Growing up in an artistic household, I always drew human forms, illustrating those around me. While studying painting at University, I started being increasingly drawn towards life and portrait studies. I began using charcoal to draw and in time it became my preferred medium. I find it best suited to give expression to my inner language.

Bold lines of charcoal define the human body in my sketches. I strive to infuse my illustrations with bodily sensations in a gender-neutral style. My work is an honest mirror to my own emotions. At the same time, it seeks emotional resonance with the perception of the viewer. It is rich in the hope of interacting with viewers on the same level of honesty.

Bodies lying intertwined with each other—movements that seemingly leap out of nowhere, souls liberated like birds—are some of the themes of my work. Exploring multiple levels of possibilities, the end result is often subjective and introspective as it transcends conventional distinctions and discrimination's of gender.

Chances are you may not find politically correct expressions of feminism in my work.
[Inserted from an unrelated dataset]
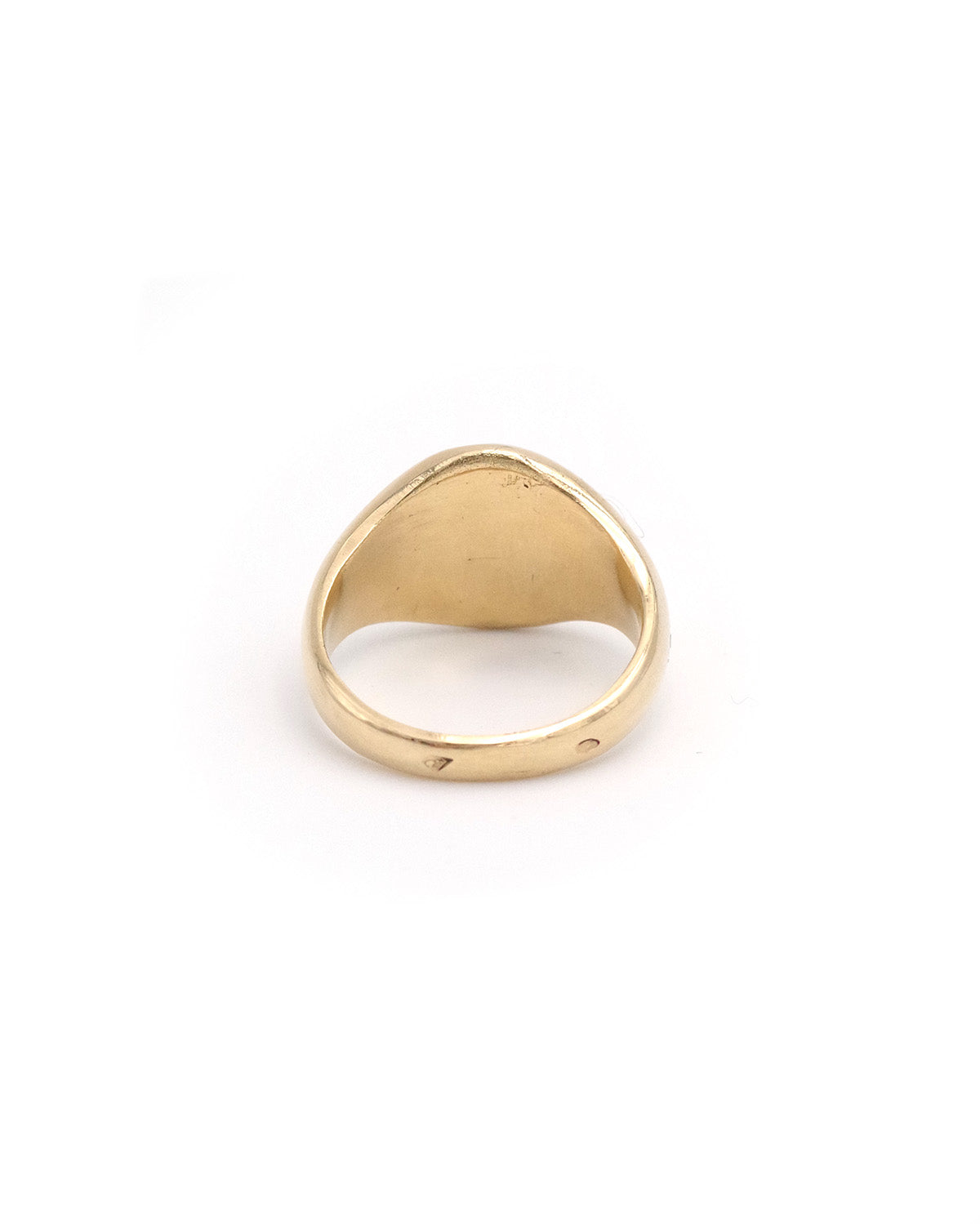 Vintage signet ring in gold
However, you will not miss it kicking and screaming as feminism finds itself increasingly threatened in society as a whole and within families in particular.

Spontaneous strokes form shapes that move with a mind of their own as I try to capture them on a two-dimensional surface. I like to bring alive those agile movements through emphatic strokes. I believe lines and shapes, illustrated like in an action painting, capture the emotional turmoil with high intensity.These lines do not necessarily have to be poetic or aesthetic.

While I think my painting needs emotional liberation on some level, I cannot separate the human body as two. It is simultaneously the subject of the artwork and is also expressed as the object of that presentation. This human body becomes a conductor of pain, fear, joy or sorrow. I want the work of art to become a medium that successfully brings people into the mind space of the theme.

There are both masculine and feminine forms in my sketches, as the themes affect both sexes. The emotions pertaining to love, pain, anger, hatred, resistance and suppression are universal and hence while portraying them I stay gender-neutral. The pain dealt with in my work is as true for men as it is for women. I want my work to touch all emotions without distinction, for I see the masculine and feminine as being complementary in every sense.